Manakala ada orang beriman mencoba membahas Wujud Allah berarti ada “sesuatu” dalam imannya yang mulai merusak.
Al-Qura’an
malah menjelaskan mengenai Allah sebagai sebagai Wujud yang sudah tidak
perlu dijelaskan, bahkan terhadap kaum yang menyimpangkan akidahnya
sekali pun.
“Bila kamu bertanya kepada mereka, siapa yang menciptakan langit dan bumi, pastilah mereka mengatakan: Allah.” (Luqman : 25)
Mereka
pun tetap mengatakan: Sang Pencipta itu Allah, walaupun mereka itu
musyrik, dan menyimpang dari kebenaran. Agama tidak pernah diturnkan
untuk menetapkan Wujud Allah, tetapi agama diturunkan untuk membenarkan
kesalahan akidah tentang Allah, cara bertauhid yang benar.
Sedangkan
ayat yang begitu banyak tentang Allah, yang diduga oleh berbagai
kalangan untuk menetapkan Wujud Allah, sungguh tidak demikian!
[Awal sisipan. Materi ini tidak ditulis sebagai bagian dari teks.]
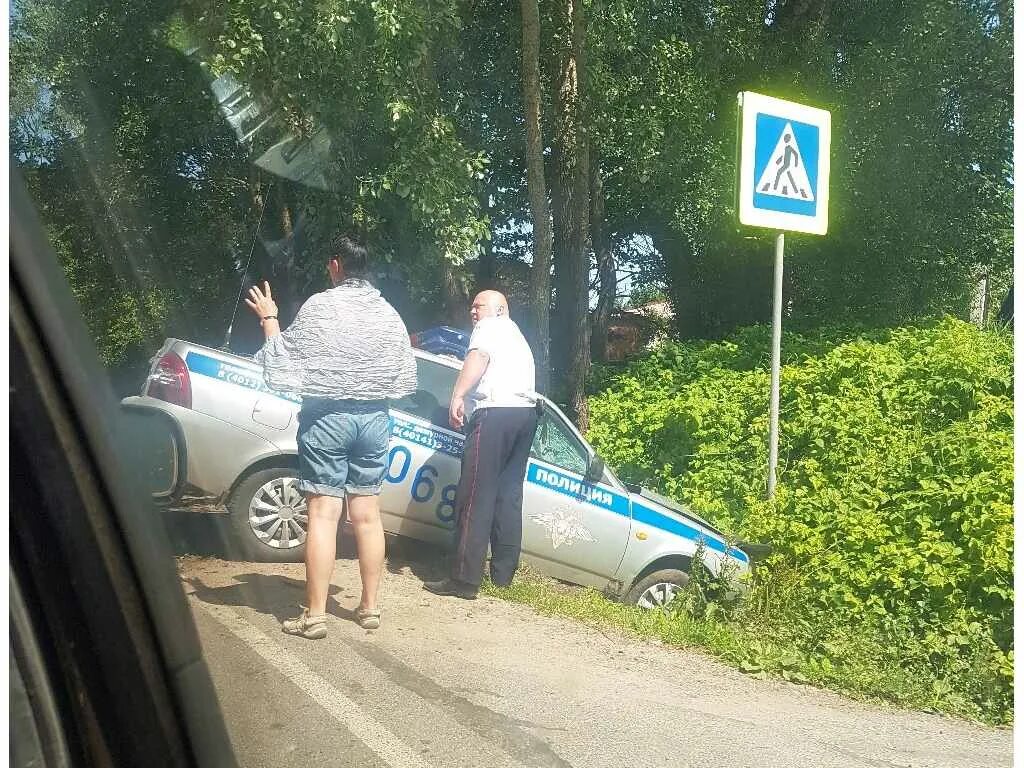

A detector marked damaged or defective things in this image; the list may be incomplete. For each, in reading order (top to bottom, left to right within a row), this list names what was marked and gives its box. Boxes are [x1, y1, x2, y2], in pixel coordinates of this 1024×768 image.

damaged police car [123, 339, 757, 610]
Ayat-ayat
tersebut semuanya menjelaskan Keagungan Allah, Kebesaran, dan
PerlindunganNya terhadap semesta ini, dimana semua gerak gerik kehidupan
alam hingga sekecil-kecilnya tidak lepas dari Kekuasaan dan Kehendak
Allah. Semua dalam rangka mengarahkan agar ummat Islam dalam hidup ini
berorientasi kepada Allah swt. sehingga menjadi Muslim yang paripurna,
dimana ekspressi maupun arahnya tidak lepas dari Nama Allah swt,
menempuh Jalan Allah swt.
Abad
pertama dan kedua berlalu cukup signifikan dan murni dalam fitrah,
tetapi setelah itu muncul transformasi dari filsafat Yunani di bidang
teologi, yang sesungguhnya filsafat ini sangat paganis dan singkretis.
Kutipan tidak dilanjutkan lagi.